PROBLEM: Your answer must be the exact lines of the listing below that run from the line with "Pantalón de playa" to the line with "Zwei schöne junge", ends included, and no pictures.

PROVIDED ENTRIES:
[Start of section]

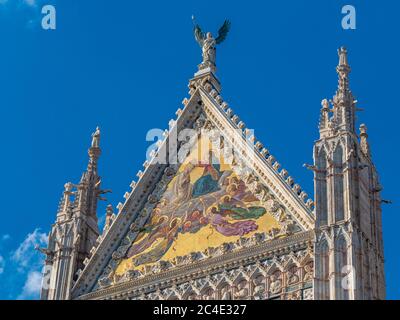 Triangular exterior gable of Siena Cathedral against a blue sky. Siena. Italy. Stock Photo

[End of section]
[Start of section]

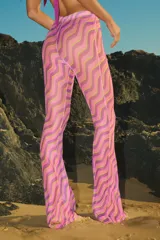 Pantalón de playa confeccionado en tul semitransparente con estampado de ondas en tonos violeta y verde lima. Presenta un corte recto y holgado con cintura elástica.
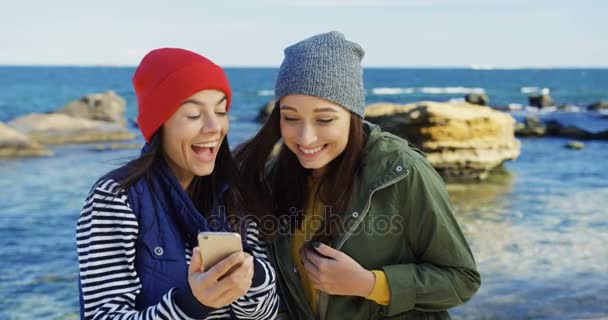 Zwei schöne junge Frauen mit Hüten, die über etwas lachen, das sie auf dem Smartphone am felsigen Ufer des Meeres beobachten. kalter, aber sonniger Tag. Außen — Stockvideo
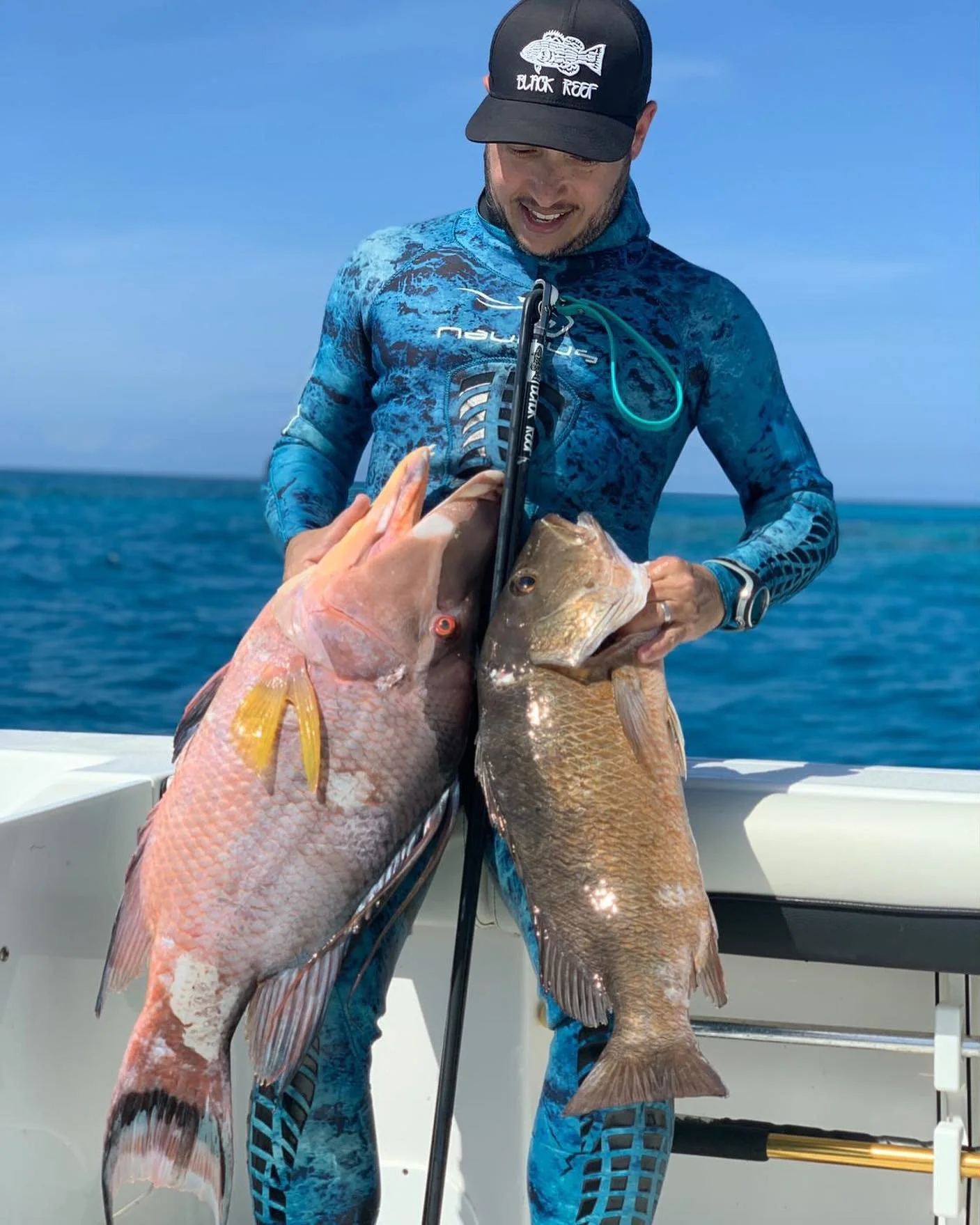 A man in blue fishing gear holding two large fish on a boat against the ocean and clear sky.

[End of section]

REPLY TO THE TASK:
 Pantalón de playa confeccionado en tul semitransparente con estampado de ondas en tonos violeta y verde lima. Presenta un corte recto y holgado con cintura elástica.
 Zwei schöne junge Frauen mit Hüten, die über etwas lachen, das sie auf dem Smartphone am felsigen Ufer des Meeres beobachten. kalter, aber sonniger Tag. Außen — Stockvideo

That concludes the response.